__WHAT TO PRODUCE__:
Restate the lines word for word, from the one containing "13.09.2026 - 21." through the last line of the entries below, without any other lines.

### GIVEN DATA

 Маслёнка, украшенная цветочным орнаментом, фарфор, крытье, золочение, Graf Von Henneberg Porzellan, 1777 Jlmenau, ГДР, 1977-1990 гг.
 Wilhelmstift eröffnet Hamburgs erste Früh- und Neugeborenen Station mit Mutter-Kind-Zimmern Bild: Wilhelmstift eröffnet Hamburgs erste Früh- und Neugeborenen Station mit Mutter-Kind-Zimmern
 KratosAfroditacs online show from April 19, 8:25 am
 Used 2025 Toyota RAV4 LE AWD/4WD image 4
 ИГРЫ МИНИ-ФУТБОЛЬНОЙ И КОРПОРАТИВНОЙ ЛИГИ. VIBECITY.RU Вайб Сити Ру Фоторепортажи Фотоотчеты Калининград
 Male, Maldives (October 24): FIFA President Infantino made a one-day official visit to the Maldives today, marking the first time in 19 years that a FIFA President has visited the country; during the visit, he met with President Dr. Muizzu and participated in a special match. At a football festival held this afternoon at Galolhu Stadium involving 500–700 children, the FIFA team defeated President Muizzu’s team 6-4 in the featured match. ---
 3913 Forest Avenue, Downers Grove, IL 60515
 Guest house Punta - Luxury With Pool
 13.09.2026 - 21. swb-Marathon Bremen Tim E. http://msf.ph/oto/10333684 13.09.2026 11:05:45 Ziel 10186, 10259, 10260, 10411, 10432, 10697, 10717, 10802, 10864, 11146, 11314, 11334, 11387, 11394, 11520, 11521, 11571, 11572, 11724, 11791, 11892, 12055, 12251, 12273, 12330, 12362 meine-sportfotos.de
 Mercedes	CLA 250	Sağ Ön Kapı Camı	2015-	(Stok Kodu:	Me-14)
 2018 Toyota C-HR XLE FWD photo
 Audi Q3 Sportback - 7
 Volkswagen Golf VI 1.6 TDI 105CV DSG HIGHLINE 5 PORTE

######

__COMPLETED EXERCISE__:
 13.09.2026 - 21. swb-Marathon Bremen Tim E. http://msf.ph/oto/10333684 13.09.2026 11:05:45 Ziel 10186, 10259, 10260, 10411, 10432, 10697, 10717, 10802, 10864, 11146, 11314, 11334, 11387, 11394, 11520, 11521, 11571, 11572, 11724, 11791, 11892, 12055, 12251, 12273, 12330, 12362 meine-sportfotos.de
 Mercedes	CLA 250	Sağ Ön Kapı Camı	2015-	(Stok Kodu:	Me-14)
 2018 Toyota C-HR XLE FWD photo
 Audi Q3 Sportback - 7
 Volkswagen Golf VI 1.6 TDI 105CV DSG HIGHLINE 5 PORTE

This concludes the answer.